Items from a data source
········
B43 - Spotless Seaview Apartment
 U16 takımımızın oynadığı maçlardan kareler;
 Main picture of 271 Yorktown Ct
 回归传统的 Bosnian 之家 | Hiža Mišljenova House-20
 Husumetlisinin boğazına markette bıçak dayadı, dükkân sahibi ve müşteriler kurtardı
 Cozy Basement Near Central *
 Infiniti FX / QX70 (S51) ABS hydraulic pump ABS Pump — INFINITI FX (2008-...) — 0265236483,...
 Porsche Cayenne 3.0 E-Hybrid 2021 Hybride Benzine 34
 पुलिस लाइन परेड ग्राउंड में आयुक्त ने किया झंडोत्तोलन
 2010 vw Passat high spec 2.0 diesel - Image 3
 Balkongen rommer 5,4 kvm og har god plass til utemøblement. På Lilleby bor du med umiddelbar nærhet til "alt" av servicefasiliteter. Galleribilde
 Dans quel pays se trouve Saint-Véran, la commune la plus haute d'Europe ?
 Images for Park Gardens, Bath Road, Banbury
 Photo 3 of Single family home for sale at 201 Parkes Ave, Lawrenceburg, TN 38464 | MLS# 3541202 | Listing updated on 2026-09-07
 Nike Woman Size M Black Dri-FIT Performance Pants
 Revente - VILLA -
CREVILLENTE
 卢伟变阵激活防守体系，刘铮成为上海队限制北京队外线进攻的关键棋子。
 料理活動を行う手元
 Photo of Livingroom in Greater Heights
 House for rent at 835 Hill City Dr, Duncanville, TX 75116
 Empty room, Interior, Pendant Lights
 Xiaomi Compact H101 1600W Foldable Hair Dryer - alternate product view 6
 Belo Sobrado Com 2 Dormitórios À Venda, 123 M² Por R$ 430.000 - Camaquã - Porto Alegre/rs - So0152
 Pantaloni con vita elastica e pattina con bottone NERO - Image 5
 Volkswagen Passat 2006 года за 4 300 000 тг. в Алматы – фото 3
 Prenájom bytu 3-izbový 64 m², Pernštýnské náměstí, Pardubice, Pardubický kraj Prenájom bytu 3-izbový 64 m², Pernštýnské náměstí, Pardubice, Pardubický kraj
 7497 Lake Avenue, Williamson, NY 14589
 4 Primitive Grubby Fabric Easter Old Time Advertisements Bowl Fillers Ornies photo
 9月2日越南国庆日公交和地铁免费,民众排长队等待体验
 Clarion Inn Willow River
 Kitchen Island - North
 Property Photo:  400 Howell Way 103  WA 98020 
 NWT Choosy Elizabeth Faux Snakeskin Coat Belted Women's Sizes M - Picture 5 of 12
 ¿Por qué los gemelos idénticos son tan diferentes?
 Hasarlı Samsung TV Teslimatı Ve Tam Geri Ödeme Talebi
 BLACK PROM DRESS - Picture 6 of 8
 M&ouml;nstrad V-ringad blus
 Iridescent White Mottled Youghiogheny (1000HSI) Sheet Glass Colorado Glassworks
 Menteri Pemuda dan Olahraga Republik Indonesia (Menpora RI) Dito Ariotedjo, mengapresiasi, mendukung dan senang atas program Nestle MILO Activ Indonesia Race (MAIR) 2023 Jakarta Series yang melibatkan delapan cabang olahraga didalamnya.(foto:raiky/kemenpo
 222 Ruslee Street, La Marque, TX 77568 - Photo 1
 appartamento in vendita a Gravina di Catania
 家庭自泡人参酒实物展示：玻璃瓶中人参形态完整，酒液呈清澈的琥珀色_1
········
Work order:
For the entries above, transcribe precisely the lines from the one with "Menteri Pemuda dan" through the end, including both.

Exercise result:
 Menteri Pemuda dan Olahraga Republik Indonesia (Menpora RI) Dito Ariotedjo, mengapresiasi, mendukung dan senang atas program Nestle MILO Activ Indonesia Race (MAIR) 2023 Jakarta Series yang melibatkan delapan cabang olahraga didalamnya.(foto:raiky/kemenpo
 222 Ruslee Street, La Marque, TX 77568 - Photo 1
 appartamento in vendita a Gravina di Catania
 家庭自泡人参酒实物展示：玻璃瓶中人参形态完整，酒液呈清澈的琥珀色_1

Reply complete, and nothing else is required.